Look below for the line with "URIAH HEEP - LIVE"; begin the copy there and stop after the line with "Apartamentos Fenix Beach", keeping the text exact and the pictures out.

#### Data for analysis

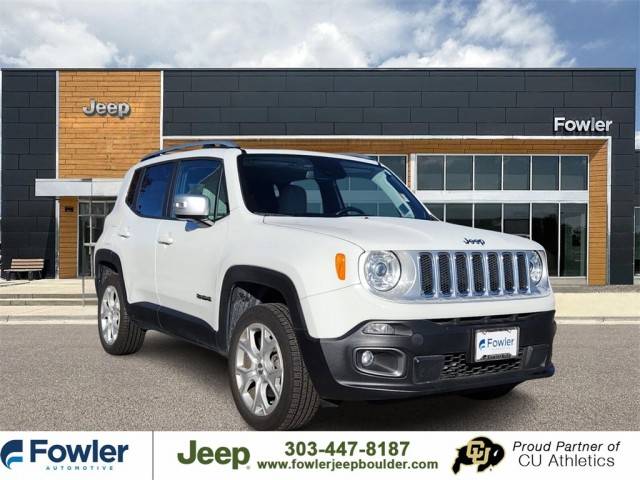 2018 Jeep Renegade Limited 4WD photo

########
#### Data for analysis

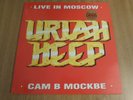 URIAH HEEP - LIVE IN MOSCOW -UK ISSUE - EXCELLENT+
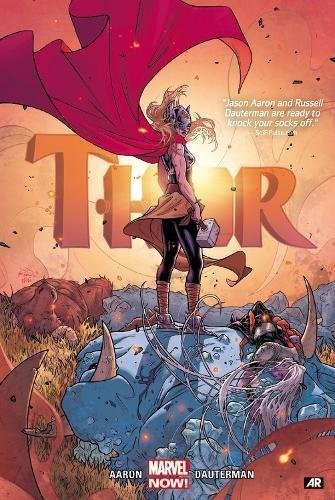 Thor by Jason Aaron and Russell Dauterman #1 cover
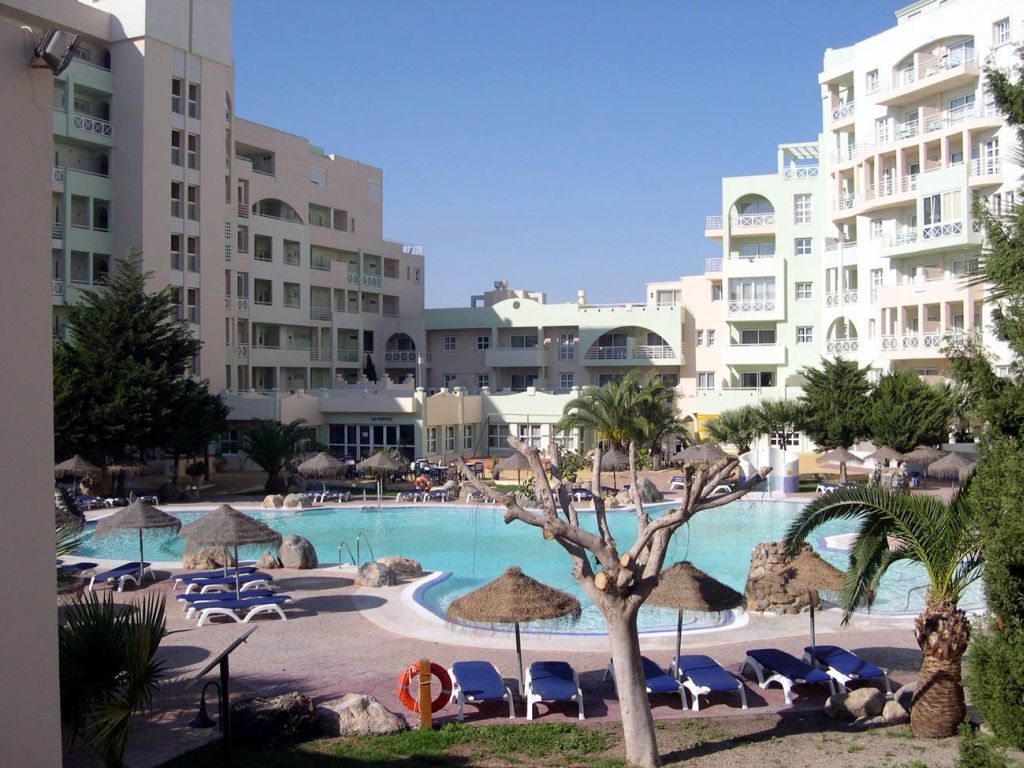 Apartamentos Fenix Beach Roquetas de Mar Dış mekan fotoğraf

########

Response area:
 URIAH HEEP - LIVE IN MOSCOW -UK ISSUE - EXCELLENT+
 Thor by Jason Aaron and Russell Dauterman #1 cover
 Apartamentos Fenix Beach Roquetas de Mar Dış mekan fotoğraf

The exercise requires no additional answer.